I have repeatedly tried to improve the administration of criminal justice in the United States, but the scene is grim. Some time ago I spoke at the annual meeting of the National Organization of Prison Chaplains. This is a nondenominational group of religious ministers who help the 2.1 million incarcerated Americans. They know the problems involved. They are not optimistic. Some engage in the ministry in religious ways followed and made known by evangelical leader Charles Colson. But the chaplains seem to be pessimistic about any substantial reform in the way prisoners are now treated.
Religious groups in the United States, and especially the U.S. Catholic Conference, have pleaded for changes in prisoner treatment. But their recommendations are not heard or followed. The central thesis that prisoners could be kept close to their families, for example, is not followed when prisoners are sent to institutions created in remote locations (because a rural town has lobbied successfully to import a new industry to replace factories that moved away).
But it has to be acknowledged that religious groups in the United States have not come together with a consolidated plea to change and improve the prisons of the nation. They should. Is it fanciful to think that the evangelicals should come together with the mainline churches on the topic of prison reform? Could Colson's work unite mainline religious groups in America? Could prisons be the place for some faith-based initiatives?
When one reviews the last 30 years of crime and crime control in the United States, it is easy to be discouraged. Vast networks of federal and local police work with zeal and devotion. But the focus is on punishment and prisons as the one response to wrongdoing.
There are, however, a few rays of hope.
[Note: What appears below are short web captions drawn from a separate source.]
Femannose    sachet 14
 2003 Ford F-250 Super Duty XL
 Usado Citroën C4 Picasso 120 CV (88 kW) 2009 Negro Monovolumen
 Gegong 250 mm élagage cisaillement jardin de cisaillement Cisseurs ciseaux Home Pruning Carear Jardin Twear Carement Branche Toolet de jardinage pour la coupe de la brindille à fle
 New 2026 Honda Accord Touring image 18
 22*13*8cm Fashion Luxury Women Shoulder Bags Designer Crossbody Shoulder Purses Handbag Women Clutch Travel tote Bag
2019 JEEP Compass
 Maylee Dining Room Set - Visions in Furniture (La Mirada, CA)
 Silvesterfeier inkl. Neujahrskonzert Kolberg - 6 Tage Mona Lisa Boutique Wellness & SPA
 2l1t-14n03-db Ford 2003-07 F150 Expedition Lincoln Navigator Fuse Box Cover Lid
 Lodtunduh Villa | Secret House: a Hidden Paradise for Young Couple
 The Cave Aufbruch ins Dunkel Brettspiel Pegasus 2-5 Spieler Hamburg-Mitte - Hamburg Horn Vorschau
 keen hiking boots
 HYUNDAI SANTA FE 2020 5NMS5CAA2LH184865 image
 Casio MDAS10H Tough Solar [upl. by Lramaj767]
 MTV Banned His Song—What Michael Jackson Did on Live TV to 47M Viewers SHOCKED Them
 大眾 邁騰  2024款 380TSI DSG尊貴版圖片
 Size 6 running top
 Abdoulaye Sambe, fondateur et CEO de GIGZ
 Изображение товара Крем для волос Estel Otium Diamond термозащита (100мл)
In August 2004, Supreme Court Justice Anthony Kennedy spoke at a meeting of the American Bar Association (ABA) in San Francisco. Kennedy, a Ronald Reagan appointee and normally a conservative voice on the bench, startled his audience by proclaiming that there are too many people in jail in the United States, and for periods that are too long. The audience of 2,000 lawyers gave Kennedy a standing ovation.
The ABA has since created a committee that is reviewing all of the proposals made in the recent past to change the administration of U.S. criminal justice. Yet few are hopeful that Congress will act on any of these proposals.
But the hostility to criminals and to ex-cons continues. Some 5 million former felons cannot vote, especially in southern states. What's more, the federal Higher Education Ammendments of 1998 ban ex-felons from receiving federal student loans!
Another issue is whether the Democrats should speak about changes in how the country sentences and incarcerates criminals. If Democrats pledge anything that could be construed as leniency on crimes, they could be open to the tired but effective charge of being “soft on crime.” But the issue cannot be avoided. The whole world is wondering why the United States keeps 12.6 percent of all its black men in their late 20s in jail while only 1.7 percent of white men in that age group are locked up.
The quadrupling of prisoners in the United States in one generation has occurred silently and surreptitiously, with no mass protests. A few civil-rights groups have complained, but hundreds of thousands of suspects have been allowed by their public defenders to plead guilty and to serve extended sentences in jail.
I have witnessed this tragic phenomenon since 1971. Can the liberals and progressives in America turn the tide? The time to act is now.
Robert F. Drinan, a professor at Georgetown University Law Center, served as a member of Congress from Massachusetts from 1971 to 1981.